4.2.1. Haemodynamic Adaptations

In µg, the blood is distributed uniformly throughout the body, and AP is uniform from the head to the feet because the gravitational force and gradient along the longitudinal direction of the body is zero. Within the first 24 h of spaceflight, despite the increase in the central blood volume upon entering µg, astronauts experience a decrease in central venous pressure (CVP) [27] and DBP (5 mmHg), while their SBP and mean arterial pressure (MAP) remain unchanged [24]. Early on during spaceflight (4–12 days), there is an observed decrease in lower limb blood flow together with an increase in vascular resistance [28]. The decrease in CVP has been observed simultaneously with the increase in left ventricular end-diastolic volume [25]. Parabolic flight experiments have demonstrated a 1.3 mmHg decrease in CVP, while the atrial diameter increased by 3.6 mm [26]. The loss of gravitational compression on the thoracic cage and mediastinum may induce the CVP to decrease due to the reduction in intrathoracic pressure [101]. By contrast, Norsk et al. [20] demonstrated a decrease in average SBP (8 mmHg), DBP (9 mmHg), and MAP (10 mmHg) during long-duration spaceflight (3–6 months), which is accompanied by a decrease in systemic vascular resistance of 39%. The nightly blood pressure dip of 8 mmHg was maintained in space. The decrease in systemic vascular resistance is indirectly deduced from a measured decrease in blood pressure and an increase in CO, despite the preserved or increased sympathetic nerve activity [29]. Nicgossian et al. [102] reported that the baroreceptor function is changed significantly in astronauts from preflight to days 2–3 after returning to Earth. The baroreceptors of postflight astronauts will react to a higher change in carotid distending pressure and will promote a smaller rise in HR than the baroreceptors of the astronauts preflight [102].

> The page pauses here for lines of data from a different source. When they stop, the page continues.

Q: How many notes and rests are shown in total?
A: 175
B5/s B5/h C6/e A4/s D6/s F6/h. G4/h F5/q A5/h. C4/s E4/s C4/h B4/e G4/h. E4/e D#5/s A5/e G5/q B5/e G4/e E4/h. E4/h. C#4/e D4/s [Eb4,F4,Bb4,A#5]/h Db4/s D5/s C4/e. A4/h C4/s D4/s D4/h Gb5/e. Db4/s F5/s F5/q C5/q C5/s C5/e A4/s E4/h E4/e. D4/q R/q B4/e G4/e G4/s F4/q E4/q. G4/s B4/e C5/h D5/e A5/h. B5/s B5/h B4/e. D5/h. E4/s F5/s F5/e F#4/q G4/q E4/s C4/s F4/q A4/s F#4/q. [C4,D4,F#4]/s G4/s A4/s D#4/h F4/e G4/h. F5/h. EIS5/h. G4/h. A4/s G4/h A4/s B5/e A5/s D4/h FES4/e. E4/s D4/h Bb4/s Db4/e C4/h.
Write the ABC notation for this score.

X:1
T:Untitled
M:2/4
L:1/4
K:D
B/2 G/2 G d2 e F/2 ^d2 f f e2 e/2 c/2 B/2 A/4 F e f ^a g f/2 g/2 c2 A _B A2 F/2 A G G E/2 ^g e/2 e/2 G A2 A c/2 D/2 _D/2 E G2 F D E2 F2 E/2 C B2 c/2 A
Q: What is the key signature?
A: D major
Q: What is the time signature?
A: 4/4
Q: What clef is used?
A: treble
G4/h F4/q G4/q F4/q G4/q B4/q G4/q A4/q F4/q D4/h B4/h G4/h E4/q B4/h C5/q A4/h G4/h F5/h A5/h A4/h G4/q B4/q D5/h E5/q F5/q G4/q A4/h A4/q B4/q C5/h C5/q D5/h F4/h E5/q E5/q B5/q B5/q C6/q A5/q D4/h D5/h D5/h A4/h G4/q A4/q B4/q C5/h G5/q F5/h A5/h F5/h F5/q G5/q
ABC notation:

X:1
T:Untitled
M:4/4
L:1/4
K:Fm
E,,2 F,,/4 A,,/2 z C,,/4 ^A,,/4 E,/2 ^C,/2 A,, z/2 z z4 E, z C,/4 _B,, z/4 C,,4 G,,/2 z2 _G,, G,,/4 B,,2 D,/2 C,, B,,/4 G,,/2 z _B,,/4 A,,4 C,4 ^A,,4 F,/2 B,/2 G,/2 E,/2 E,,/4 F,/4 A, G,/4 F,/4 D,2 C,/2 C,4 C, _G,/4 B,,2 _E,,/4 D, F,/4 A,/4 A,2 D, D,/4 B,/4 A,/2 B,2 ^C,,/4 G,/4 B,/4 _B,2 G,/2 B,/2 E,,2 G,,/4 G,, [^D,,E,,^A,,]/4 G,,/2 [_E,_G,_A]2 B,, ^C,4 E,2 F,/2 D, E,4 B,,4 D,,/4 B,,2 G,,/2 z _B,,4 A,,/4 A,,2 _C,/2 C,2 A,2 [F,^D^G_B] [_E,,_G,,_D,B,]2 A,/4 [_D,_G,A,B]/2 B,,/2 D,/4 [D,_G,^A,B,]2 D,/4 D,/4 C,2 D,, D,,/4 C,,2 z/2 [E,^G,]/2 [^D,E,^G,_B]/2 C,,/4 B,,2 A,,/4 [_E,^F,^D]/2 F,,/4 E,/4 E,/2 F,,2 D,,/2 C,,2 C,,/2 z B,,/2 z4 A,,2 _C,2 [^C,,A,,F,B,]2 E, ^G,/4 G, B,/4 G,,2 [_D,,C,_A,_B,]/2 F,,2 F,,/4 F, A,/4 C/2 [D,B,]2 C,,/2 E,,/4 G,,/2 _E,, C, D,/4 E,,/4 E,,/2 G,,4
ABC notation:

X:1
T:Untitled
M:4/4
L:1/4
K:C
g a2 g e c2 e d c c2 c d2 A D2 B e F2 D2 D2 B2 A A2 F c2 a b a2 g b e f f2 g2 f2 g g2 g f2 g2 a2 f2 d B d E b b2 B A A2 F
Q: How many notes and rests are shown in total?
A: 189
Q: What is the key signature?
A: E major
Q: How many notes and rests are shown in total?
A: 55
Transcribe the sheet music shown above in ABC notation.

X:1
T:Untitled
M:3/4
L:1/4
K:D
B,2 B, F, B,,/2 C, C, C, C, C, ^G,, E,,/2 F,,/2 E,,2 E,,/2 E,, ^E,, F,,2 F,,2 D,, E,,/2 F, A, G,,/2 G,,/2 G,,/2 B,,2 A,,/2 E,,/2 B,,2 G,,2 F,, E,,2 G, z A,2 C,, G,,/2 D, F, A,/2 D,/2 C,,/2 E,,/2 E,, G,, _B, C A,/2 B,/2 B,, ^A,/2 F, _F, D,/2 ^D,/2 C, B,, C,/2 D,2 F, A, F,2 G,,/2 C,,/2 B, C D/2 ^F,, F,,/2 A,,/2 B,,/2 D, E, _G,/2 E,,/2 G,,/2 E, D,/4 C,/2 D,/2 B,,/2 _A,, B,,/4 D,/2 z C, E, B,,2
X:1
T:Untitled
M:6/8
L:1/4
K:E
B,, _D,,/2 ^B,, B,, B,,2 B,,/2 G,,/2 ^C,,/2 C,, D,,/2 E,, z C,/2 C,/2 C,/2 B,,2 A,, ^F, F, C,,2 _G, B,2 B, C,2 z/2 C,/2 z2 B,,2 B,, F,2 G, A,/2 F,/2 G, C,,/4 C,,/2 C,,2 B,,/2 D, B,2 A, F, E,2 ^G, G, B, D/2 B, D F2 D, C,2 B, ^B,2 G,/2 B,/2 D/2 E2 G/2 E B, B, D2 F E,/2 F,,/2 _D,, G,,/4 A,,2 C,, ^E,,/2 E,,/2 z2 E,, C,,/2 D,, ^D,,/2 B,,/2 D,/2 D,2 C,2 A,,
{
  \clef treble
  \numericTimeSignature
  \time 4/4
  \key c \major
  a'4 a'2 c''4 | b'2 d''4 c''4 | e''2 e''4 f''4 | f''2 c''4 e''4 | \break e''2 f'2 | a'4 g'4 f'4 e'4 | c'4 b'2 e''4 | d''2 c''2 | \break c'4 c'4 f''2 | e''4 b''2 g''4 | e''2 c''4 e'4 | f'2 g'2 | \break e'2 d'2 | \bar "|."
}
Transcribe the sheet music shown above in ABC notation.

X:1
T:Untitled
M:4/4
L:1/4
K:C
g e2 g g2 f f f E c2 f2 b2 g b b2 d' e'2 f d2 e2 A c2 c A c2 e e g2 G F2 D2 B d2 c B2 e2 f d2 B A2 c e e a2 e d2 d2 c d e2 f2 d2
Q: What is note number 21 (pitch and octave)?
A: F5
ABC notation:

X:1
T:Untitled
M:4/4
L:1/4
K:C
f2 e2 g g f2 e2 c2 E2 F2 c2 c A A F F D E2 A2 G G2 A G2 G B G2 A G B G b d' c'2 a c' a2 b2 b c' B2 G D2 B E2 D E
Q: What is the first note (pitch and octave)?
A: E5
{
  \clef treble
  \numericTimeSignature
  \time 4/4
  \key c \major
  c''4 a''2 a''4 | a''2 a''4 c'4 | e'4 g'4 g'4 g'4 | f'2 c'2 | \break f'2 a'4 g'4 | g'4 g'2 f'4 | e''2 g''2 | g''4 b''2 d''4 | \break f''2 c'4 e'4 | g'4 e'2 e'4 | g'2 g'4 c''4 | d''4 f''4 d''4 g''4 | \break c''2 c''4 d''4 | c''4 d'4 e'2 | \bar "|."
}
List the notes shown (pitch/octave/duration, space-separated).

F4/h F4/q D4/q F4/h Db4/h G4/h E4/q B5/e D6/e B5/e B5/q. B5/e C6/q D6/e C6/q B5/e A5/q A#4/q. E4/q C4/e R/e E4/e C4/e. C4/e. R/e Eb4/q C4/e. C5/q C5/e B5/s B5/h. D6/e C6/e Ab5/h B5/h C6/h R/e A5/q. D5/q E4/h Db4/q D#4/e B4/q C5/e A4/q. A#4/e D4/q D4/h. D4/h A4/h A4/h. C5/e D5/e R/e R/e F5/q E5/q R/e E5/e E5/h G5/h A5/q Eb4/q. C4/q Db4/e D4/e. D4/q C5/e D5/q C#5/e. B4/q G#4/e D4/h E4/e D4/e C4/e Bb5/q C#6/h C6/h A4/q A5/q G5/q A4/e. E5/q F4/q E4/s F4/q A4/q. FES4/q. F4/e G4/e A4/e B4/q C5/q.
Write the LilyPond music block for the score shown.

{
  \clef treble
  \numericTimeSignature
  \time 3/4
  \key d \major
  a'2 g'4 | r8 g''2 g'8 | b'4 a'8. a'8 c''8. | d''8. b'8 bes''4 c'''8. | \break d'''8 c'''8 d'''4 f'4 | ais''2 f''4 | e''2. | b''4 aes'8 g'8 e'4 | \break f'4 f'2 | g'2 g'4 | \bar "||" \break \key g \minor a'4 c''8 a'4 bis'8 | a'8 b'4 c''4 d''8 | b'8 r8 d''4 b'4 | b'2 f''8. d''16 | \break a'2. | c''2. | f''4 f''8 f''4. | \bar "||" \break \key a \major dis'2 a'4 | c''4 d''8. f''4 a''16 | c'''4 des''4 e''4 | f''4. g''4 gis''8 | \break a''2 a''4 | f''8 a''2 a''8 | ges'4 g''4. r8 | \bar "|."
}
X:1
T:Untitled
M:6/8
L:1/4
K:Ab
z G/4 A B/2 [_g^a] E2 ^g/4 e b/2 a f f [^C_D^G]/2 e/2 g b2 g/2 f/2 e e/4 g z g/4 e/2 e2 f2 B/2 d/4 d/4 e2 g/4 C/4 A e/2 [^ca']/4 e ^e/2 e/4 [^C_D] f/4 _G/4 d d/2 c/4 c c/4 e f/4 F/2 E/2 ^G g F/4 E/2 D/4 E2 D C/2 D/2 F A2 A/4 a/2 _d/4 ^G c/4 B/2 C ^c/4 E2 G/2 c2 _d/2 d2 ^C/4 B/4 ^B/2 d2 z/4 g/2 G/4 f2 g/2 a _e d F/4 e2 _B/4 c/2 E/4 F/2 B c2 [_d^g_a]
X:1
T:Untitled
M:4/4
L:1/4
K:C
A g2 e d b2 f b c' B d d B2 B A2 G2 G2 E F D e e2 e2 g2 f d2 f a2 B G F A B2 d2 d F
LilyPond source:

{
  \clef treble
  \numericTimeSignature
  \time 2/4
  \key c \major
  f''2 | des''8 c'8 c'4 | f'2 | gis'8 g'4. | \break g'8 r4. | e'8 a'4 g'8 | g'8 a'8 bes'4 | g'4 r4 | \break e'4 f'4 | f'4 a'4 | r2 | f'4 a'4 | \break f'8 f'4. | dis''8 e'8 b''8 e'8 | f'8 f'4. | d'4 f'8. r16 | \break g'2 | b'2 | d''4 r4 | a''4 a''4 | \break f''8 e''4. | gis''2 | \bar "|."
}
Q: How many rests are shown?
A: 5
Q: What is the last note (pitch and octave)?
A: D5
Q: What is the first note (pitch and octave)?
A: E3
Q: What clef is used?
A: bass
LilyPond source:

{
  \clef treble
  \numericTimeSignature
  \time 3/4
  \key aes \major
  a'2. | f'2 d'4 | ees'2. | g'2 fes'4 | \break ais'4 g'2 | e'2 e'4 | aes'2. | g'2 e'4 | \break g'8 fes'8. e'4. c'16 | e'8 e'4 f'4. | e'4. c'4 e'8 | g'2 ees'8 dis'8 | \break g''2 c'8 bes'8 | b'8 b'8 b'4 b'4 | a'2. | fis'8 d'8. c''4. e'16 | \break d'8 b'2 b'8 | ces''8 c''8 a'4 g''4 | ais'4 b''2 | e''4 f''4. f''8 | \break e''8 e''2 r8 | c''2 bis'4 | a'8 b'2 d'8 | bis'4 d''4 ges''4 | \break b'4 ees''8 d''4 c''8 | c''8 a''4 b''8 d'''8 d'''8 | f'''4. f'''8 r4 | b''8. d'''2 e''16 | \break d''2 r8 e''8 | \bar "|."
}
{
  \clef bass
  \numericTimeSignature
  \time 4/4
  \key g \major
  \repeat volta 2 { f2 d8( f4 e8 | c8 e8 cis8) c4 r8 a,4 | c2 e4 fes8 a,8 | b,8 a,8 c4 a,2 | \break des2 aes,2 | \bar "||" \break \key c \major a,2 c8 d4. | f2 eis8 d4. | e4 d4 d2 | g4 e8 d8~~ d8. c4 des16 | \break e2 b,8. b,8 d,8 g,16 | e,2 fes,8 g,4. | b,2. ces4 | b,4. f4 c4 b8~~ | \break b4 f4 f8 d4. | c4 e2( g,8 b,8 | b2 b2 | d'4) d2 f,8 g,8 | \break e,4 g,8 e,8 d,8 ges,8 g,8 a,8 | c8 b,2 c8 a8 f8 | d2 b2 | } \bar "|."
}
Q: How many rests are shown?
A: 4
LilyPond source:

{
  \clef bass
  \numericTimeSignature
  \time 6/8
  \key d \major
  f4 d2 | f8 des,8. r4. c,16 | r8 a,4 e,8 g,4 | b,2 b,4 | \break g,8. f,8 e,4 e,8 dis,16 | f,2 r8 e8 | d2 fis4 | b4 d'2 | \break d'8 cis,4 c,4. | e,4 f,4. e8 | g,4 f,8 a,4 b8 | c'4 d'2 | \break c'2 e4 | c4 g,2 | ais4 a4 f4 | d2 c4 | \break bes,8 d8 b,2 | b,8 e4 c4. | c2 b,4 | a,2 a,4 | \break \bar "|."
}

4.2.2. Structural Adaptations

Ground-based analogues, simulating µg, have demonstrated a decrease in vascular smooth muscle constriction ability, adrenergic responsiveness, and alterations in nitric oxide (NO) physiology [103]. It has been proposed that the increase in biomarkers of oxidative and inflammatory stress during long-duration spaceflight is related to changes in long-term vascular structure and function, which is assessed by the carotid intima media thickness (IMT) and flow-mediated dilatation. After 6 months of spaceflight, the diameter of the femoral and carotid artery remained unchanged, but the IMT rapidly increased [104]. Carotid IMT increased up to 10–12% after 6 months of spaceflight and up to 20% after 1 year on the ISS [31,104]. The femoral IMT increased by approximately 10–15% after 6 months of spaceflight [104]. Hughson et al. [33] demonstrated a decrease in pulse transit time, suggesting an increase in central and peripheral arterial stiffness. The carotid artery distensibility coefficient and the beta-stiffness index reflect a 17–30% increase in arterial stiffness postflight compared with preflight measurements [34]. Other studies have also demonstrated that the carotid and femoral arterial stiffness increased after 6 months of spaceflight [33,35]. Navasiolava et al. [35] reported a slight decrease in upper limb blood flow and an impaired endothelial dependent vasodilation after 3 weeks of spaceflight.
To summarise, the observed changes have revealed an increase in IMT and vascular stiffness and a decrease in distensibility [32,104]. The initial mechanisms of increased arterial stiffness and resistance are cephalad fluid shift and the loss of hydrostatic pressure gradients (Figure 2). Carotid arterial stiffness recovered to normal by the fourth day after return to Earth [38].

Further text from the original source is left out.